Heinlein and Mark Twain on Copyright
From: Sandy Harris
I encountered this in Heinlein's first published story, "Life-Line".
My copy is in a Berkeley Books anthology called "The Past Through
Tomorrow". It originally appeared in 1939 in a pulp magazine called
"Thrilling Wonder Stories".
Judge, speaking to a lawyer:
" Before we leave this matter, I wish to comment on the theory inplied
" by you, Mr. Weems, when you claimed damage to your client. There has
" grown up in the minds of certian groups in this country the notion
" that, because a man or a corporation has made a profit out of the
" public for a number of years, the government and the courts are
" charged with the duty of guaranteeing such profit in the future,
" even in the face of changing circumstances and contrary public
" interest. This strange doctrine is not supported by statute nor
" common law. Neither individuals nor corporations have the right to
" come into court and ask that the clock of history be stopped, or
" turned back, for their private benefit. That is all.

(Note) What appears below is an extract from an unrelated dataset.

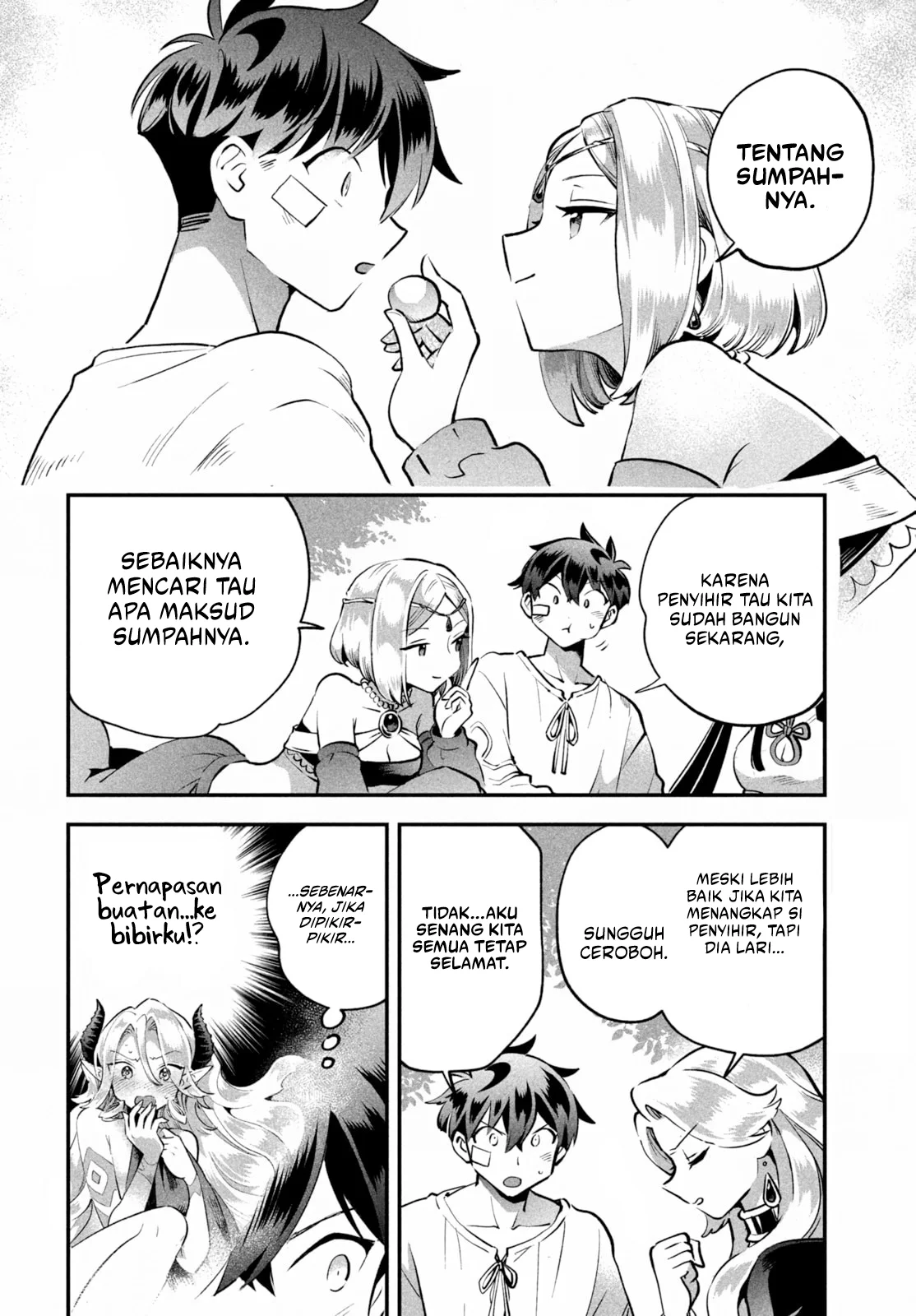 7-Nin no Nemuri Hime Chapter 49 Gambar 9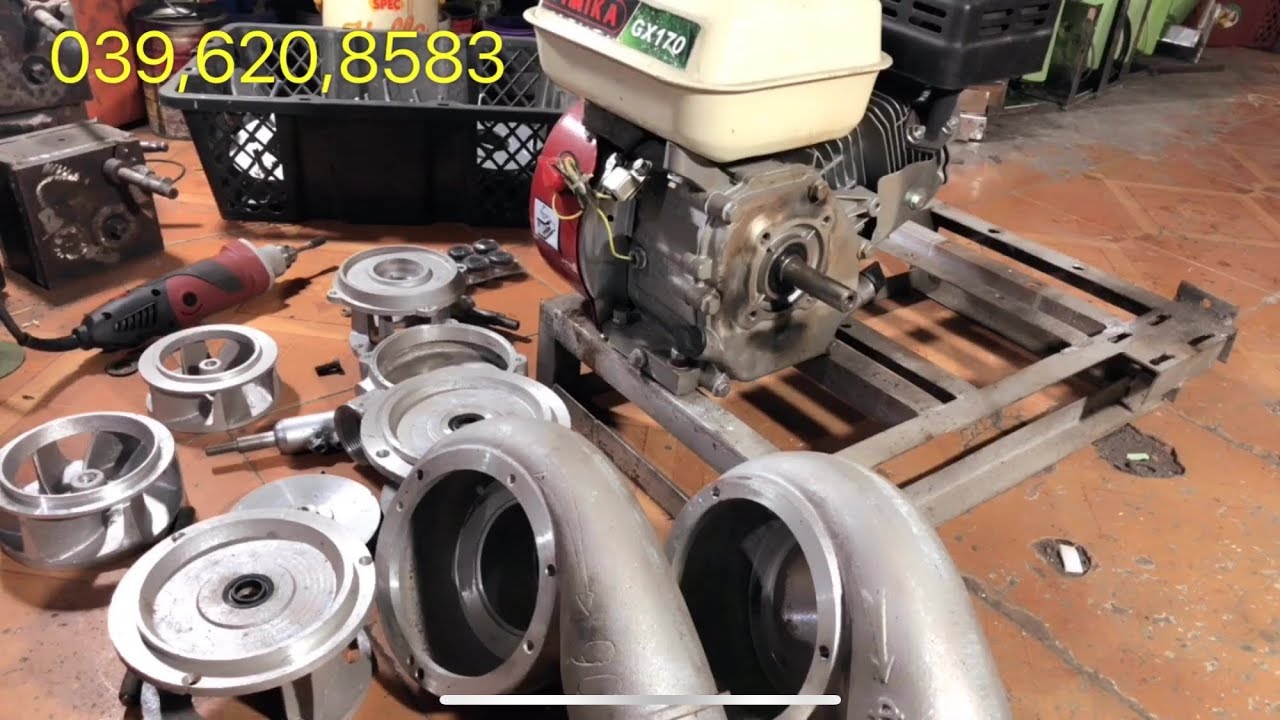 Các giáp các loại bơm lên máy xăng chỉ 5 phút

Methinks this is a fine summary of the issue in the DVD cases, and more
generally of the push by "intellectual property" industries for laws
that help them restrict fair use.
When I sent the above to John Gilmore, EFF founder and author of
a fine essay "What's Wrong with Copy Protection":
He replied with:
| Subject: I'll trade you quotes: Samuel Clemens on Copyright
| "Only one thing is impossible for God: to find any sense in any copyright
| law on the planet. Whenever a copyright law is to be made or altered,
| then the idiots assemble."
One hopes this will not apply in the Canadian review.